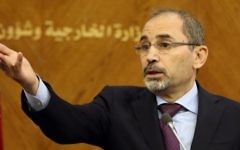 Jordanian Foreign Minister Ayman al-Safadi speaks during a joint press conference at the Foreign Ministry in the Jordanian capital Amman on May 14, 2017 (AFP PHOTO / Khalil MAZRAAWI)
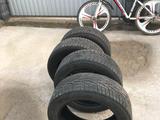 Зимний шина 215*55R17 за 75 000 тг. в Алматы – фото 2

---

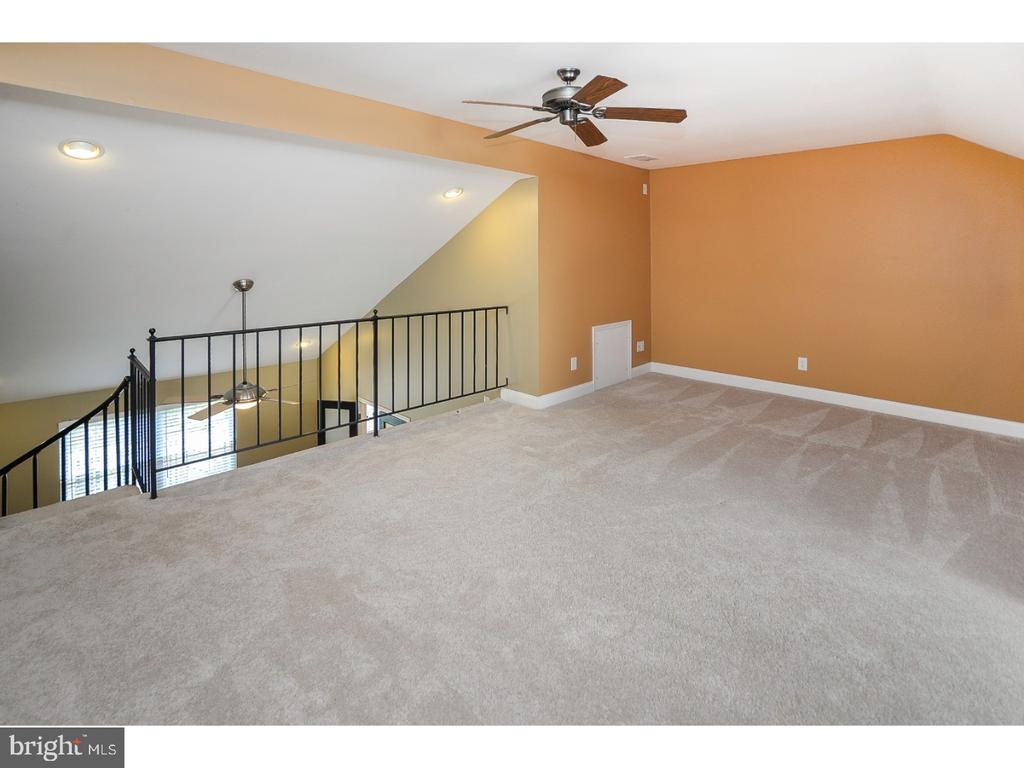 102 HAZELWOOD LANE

■ Task statement
In the entries above, every line from the line with "Jordanian Foreign Minister" to the line with "Зимний шина 215*55R17" is to be printed exactly, with both ends included and pictures excluded.

■ Problem solution
 Jordanian Foreign Minister Ayman al-Safadi speaks during a joint press conference at the Foreign Ministry in the Jordanian capital Amman on May 14, 2017 (AFP PHOTO / Khalil MAZRAAWI)
 Зимний шина 215*55R17 за 75 000 тг. в Алматы – фото 2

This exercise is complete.